Ada spekulasi yang menyebutkan usianya 1.000 hingga 5.000 tahun, sementara dugaan lain mengaitkannya dengan budaya megalitik di Asia Tenggara sekitar 2.000 tahun lalu.
Misteri inilah yang membuat Lembah Bada semakin menarik, terutama bagi wisatawan yang menyukai arkeologi dan sejarah purbakala.
Pesona Alam dan Budaya Lokal
Perjalanan menuju Lembah Bada berjarak sekitar 3—4 jam dari Kota Tentena (setelah melalui Palu). Memang membutuhkan stamina dan persiapan kendaraan yang baik, mengingat kondisi jalan yang terkadang kurang mulus.
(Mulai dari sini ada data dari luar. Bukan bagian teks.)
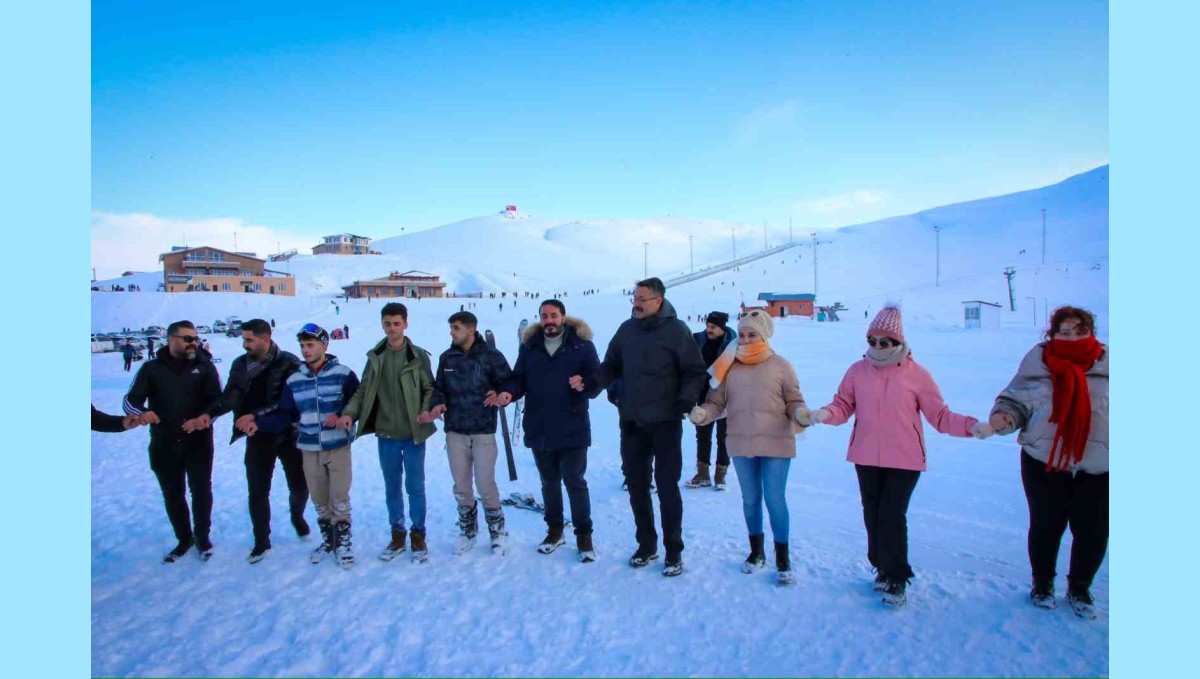 Hakkari Valisi Çelik, kayak merkezinde gençlerle halay çekti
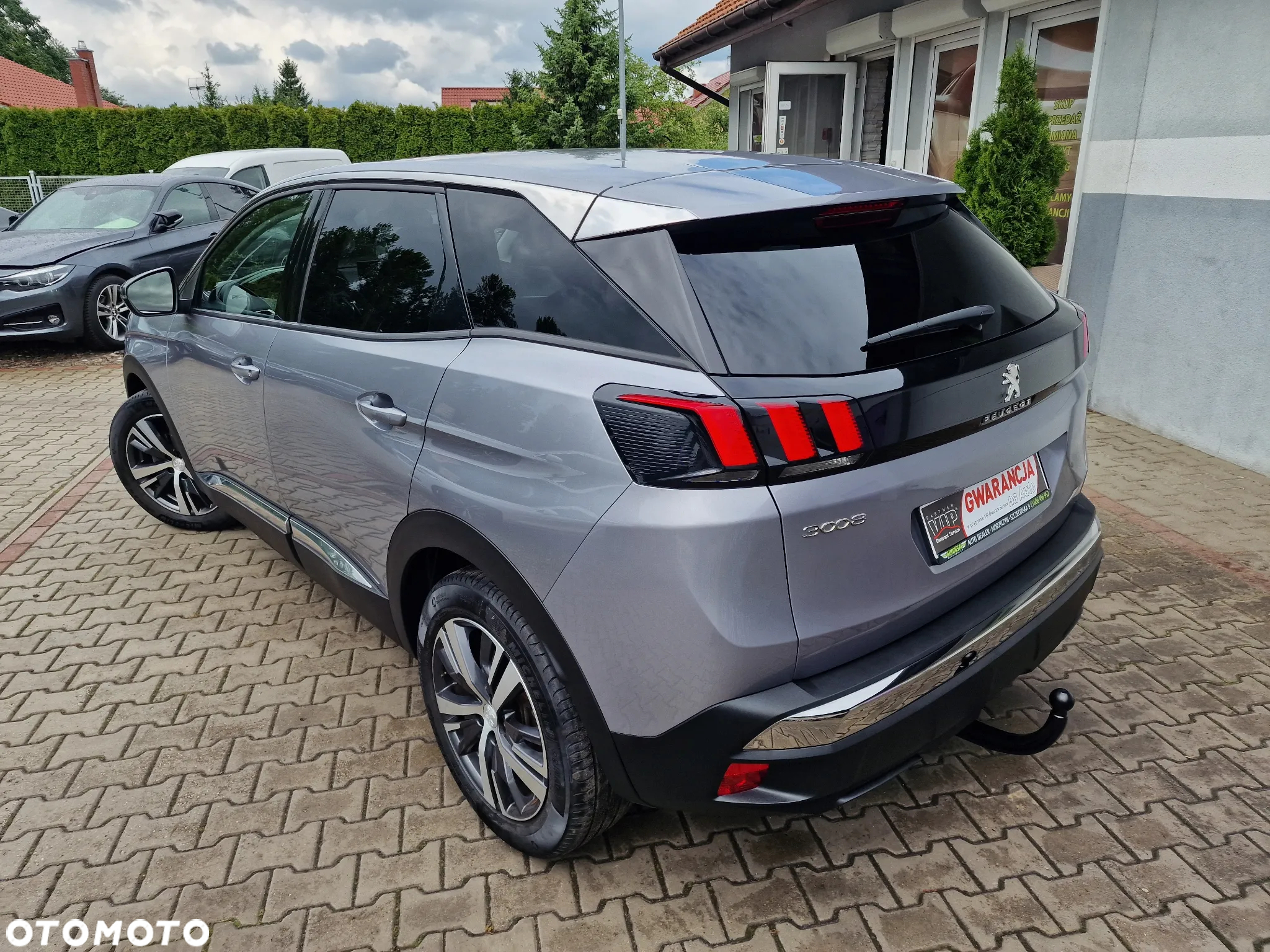 Peugeot 3008 1.5 BlueHDi Allure S&S EAT8 - 8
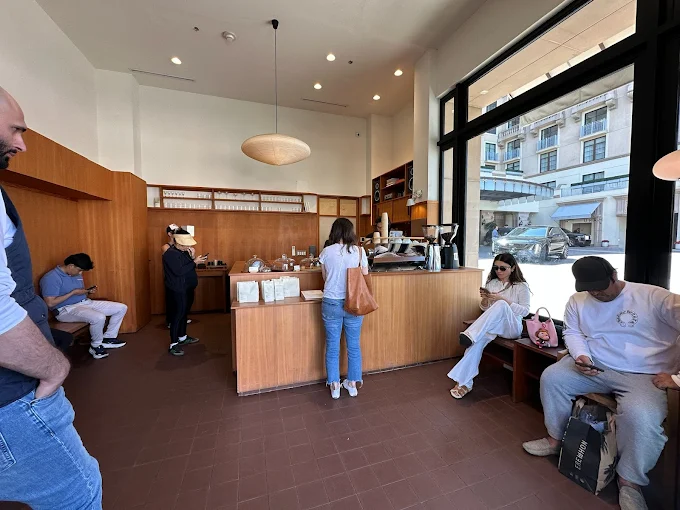 Maru Espresso Bar & Coffee Shop in Beverly Hills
Namun, semua lelah akan terbayar lunas setibanya di sana.
Pengunjung akan disuguhi hamparan savana, udara sejuk, dan keramahan penduduk lokal yang mayoritas adalah suku Lore, yang hidup sederhana dan sebagian besar bermata pencaharian sebagai petani.
Selain situs megalit, Lembah Bada juga mempertahankan tradisi pembuatan ranta—kain yang terbuat dari kulit kayu pohon nunu, bea, dan malo
Tradisi ini sudah ada sejak masa prasejarah dan dulunya digunakan sebagai pakaian sehari-hari, menambah dimensi budaya yang kaya pada kunjungan wisata.
Lembah Bada adalah destinasi wajib bagi mereka yang ingin merasakan sensasi berwisata purbakala sambil menikmati keindahan alam Taman Nasional Lore Lindu.
Pemandangan epik, kisah peradaban kuno, dan masyarakat yang ramah menjadikan Lembah Bada sebagai pengalaman perjalanan yang tak terlupakan, sekaligus harapan agar situs ini terus terjaga dan diakui sebagai warisan dunia.